Re: [PATCH v2 1/3] efi/x86: skip efi_arch_mem_reserve() in case of kexec.

From: Dave Young
Date: Tue Mar 19 2024 - 00:00:44 EST


Hi,

Added Ard in cc.

On 03/18/24 at 07:02am, Ashish Kalra wrote:
> From: Ashish Kalra <ashish.kalra@xxxxxxx>
>
> For kexec use case, need to use and stick to the EFI memmap passed
> from the first kernel via boot-params/setup data, hence,
> skip efi_arch_mem_reserve() during kexec.
>
> Additionally during SNP guest kexec testing discovered that EFI memmap
> is corrupted during chained kexec. kexec_enter_virtual_mode() during
> late init will remap the efi_memmap physical pages allocated in
> efi_arch_mem_reserve() via memboot & then subsequently cause random
> EFI memmap corruption once memblock is freed/teared-down.
>
> Signed-off-by: Ashish Kalra <ashish.kalra@xxxxxxx>
> ---
> arch/x86/platform/efi/quirks.c | 10 ++++++++++
> 1 file changed, 10 insertions(+)
>
> diff --git a/arch/x86/platform/efi/quirks.c b/arch/x86/platform/efi/quirks.c
> index f0cc00032751..d4562d074371 100644
> --- a/arch/x86/platform/efi/quirks.c
> +++ b/arch/x86/platform/efi/quirks.c
> @@ -258,6 +258,16 @@ void __init efi_arch_mem_reserve(phys_addr_t addr, u64 size)
> int num_entries;
> void *new;
>
> + /*
> + * For kexec use case, we need to use the EFI memmap passed from the first
> + * kernel via setup data, so we need to skip this.
> + * Additionally kexec_enter_virtual_mode() during late init will remap
> + * the efi_memmap physical pages allocated here via memboot & then
> + * subsequently cause random EFI memmap corruption once memblock is freed.

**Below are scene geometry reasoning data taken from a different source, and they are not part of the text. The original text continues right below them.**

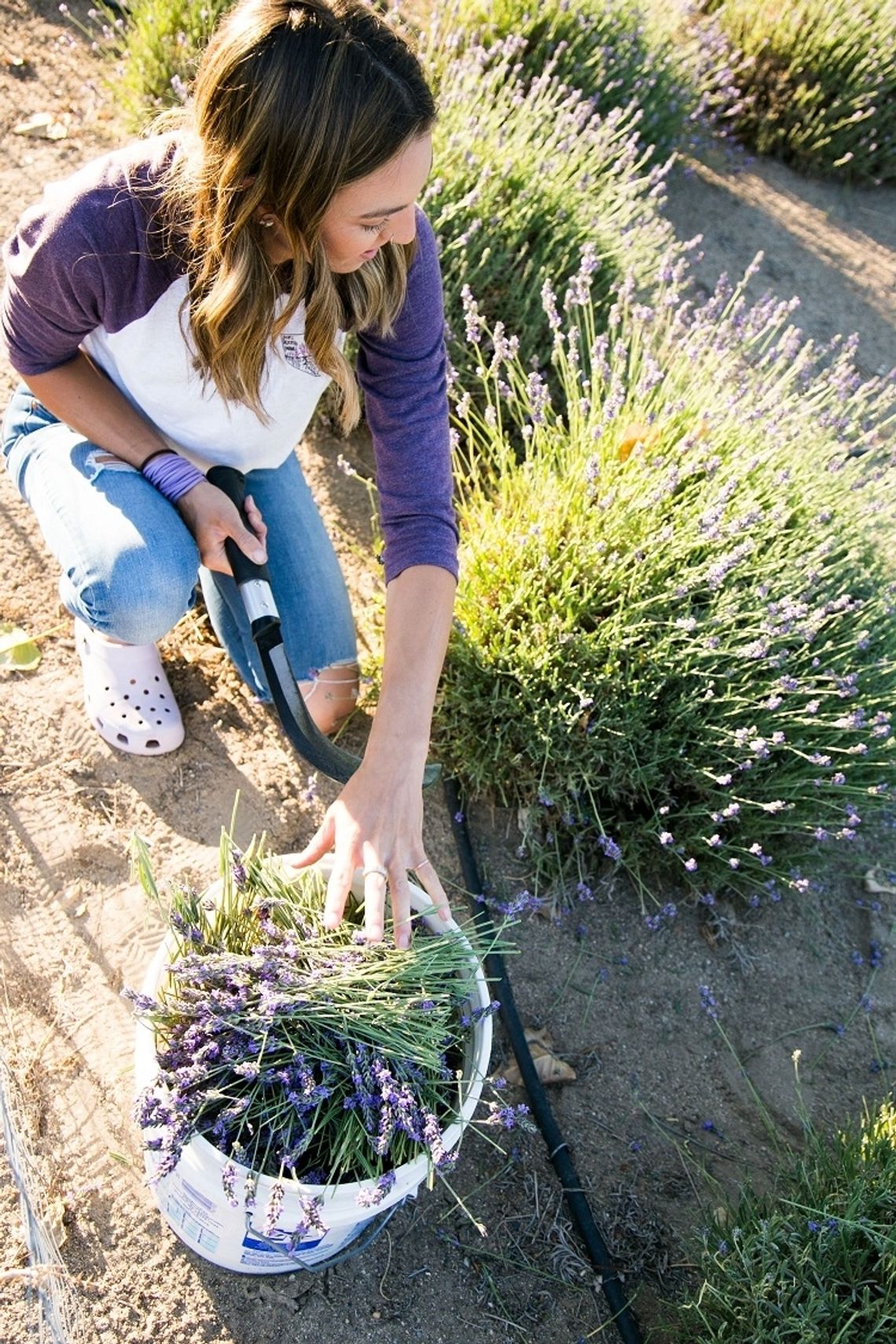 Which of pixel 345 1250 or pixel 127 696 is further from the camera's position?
→ pixel 127 696

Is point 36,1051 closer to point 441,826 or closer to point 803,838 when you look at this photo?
point 441,826

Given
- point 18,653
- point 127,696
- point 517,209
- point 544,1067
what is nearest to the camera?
point 544,1067

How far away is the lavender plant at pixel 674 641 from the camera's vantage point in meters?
2.03

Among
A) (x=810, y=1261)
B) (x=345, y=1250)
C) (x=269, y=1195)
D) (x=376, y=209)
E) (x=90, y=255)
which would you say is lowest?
(x=345, y=1250)

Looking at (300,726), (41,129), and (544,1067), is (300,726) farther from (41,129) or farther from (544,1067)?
(41,129)

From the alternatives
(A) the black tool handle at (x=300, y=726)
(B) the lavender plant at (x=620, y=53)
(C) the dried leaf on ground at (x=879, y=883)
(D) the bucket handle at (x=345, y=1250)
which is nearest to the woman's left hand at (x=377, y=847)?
(A) the black tool handle at (x=300, y=726)

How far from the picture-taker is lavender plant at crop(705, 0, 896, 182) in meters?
4.14

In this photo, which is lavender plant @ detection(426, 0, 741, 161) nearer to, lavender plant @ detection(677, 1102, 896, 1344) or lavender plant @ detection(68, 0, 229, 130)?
lavender plant @ detection(68, 0, 229, 130)

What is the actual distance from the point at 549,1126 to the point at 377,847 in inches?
27.8

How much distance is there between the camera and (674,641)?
209 cm

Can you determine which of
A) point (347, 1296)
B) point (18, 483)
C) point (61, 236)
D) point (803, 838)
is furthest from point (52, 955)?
point (803, 838)

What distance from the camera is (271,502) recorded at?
2117 millimetres

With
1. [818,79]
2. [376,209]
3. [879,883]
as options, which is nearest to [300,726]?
[376,209]

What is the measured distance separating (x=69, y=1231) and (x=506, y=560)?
1.40m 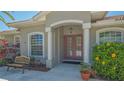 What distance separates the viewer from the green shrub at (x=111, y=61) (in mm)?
6516

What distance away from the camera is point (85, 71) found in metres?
6.88

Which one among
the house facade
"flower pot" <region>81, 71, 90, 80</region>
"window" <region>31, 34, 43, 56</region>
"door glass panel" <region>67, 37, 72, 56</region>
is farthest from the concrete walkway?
"door glass panel" <region>67, 37, 72, 56</region>

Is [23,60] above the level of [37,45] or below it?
below

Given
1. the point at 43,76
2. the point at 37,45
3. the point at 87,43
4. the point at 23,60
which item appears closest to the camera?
the point at 43,76

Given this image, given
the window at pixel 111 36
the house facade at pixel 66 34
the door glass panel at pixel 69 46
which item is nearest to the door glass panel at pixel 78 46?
the house facade at pixel 66 34

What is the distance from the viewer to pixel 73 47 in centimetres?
1162

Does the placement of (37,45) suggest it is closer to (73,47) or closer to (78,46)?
(73,47)

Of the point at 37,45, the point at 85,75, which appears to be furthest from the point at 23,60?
the point at 85,75

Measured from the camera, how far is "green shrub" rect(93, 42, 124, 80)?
6.52 metres

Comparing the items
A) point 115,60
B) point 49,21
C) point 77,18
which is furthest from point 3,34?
point 115,60

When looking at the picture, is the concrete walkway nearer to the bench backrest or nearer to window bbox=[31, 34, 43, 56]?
the bench backrest

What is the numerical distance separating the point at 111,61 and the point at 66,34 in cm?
582
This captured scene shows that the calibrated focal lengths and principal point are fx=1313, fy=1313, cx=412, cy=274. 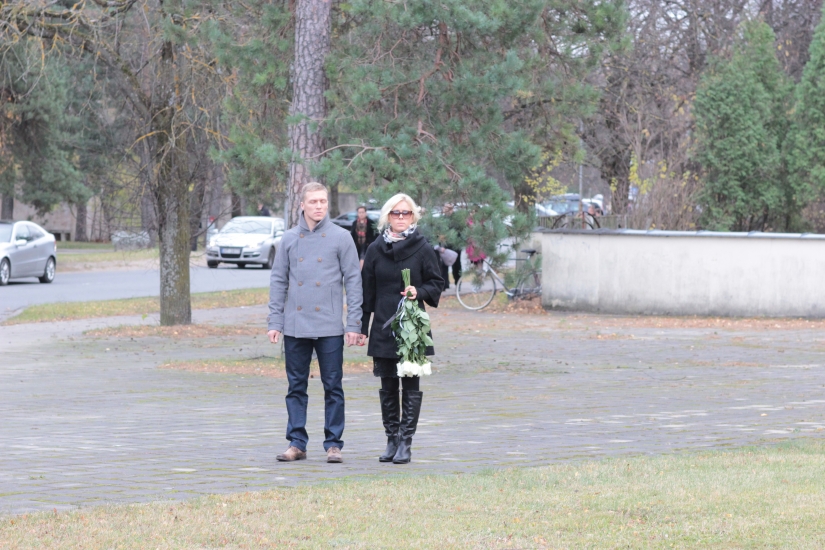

Can you elaborate a bit about the corruption, is it reproducible without
SNP?

> + */
> + if (efi_setup)
> + return;
> +

How about checking the md attribute instead of checking the efi_setup,
personally I feel it a bit better, something like below:

diff --git a/arch/x86/platform/efi/quirks.c b/arch/x86/platform/efi/quirks.c
index f0cc00032751..699332b075bb 100644
--- a/arch/x86/platform/efi/quirks.c
+++ b/arch/x86/platform/efi/quirks.c
@@ -255,15 +255,24 @@ void __init efi_arch_mem_reserve(phys_addr_t addr, u64 size)
struct efi_memory_map_data data = { 0 };
struct efi_mem_range mr;
efi_memory_desc_t md;
- int num_entries;
+ int num_entries, ret;
void *new;

- if (efi_mem_desc_lookup(addr, &md) ||
- md.type != EFI_BOOT_SERVICES_DATA) {
+ ret = efi_mem_desc_lookup(addr, &md);
+ if (ret) {
pr_err("Failed to lookup EFI memory descriptor for %pa\n", &addr);
return;
}

+ if (md.type != EFI_BOOT_SERVICES_DATA) {
+ pr_err("Skil reserving non EFI Boot Service Data memory for %pa\n", &addr);
+ return;
+ }
+
+ /* Kexec copied the efi memmap from the 1st kernel, thus skip the case. */
+ if (md.attribute & EFI_MEMORY_RUNTIME)
+ return;
+
if (addr + size > md.phys_addr + (md.num_pages << EFI_PAGE_SHIFT)) {
pr_err("Region spans EFI memory descriptors, %pa\n", &addr);
return;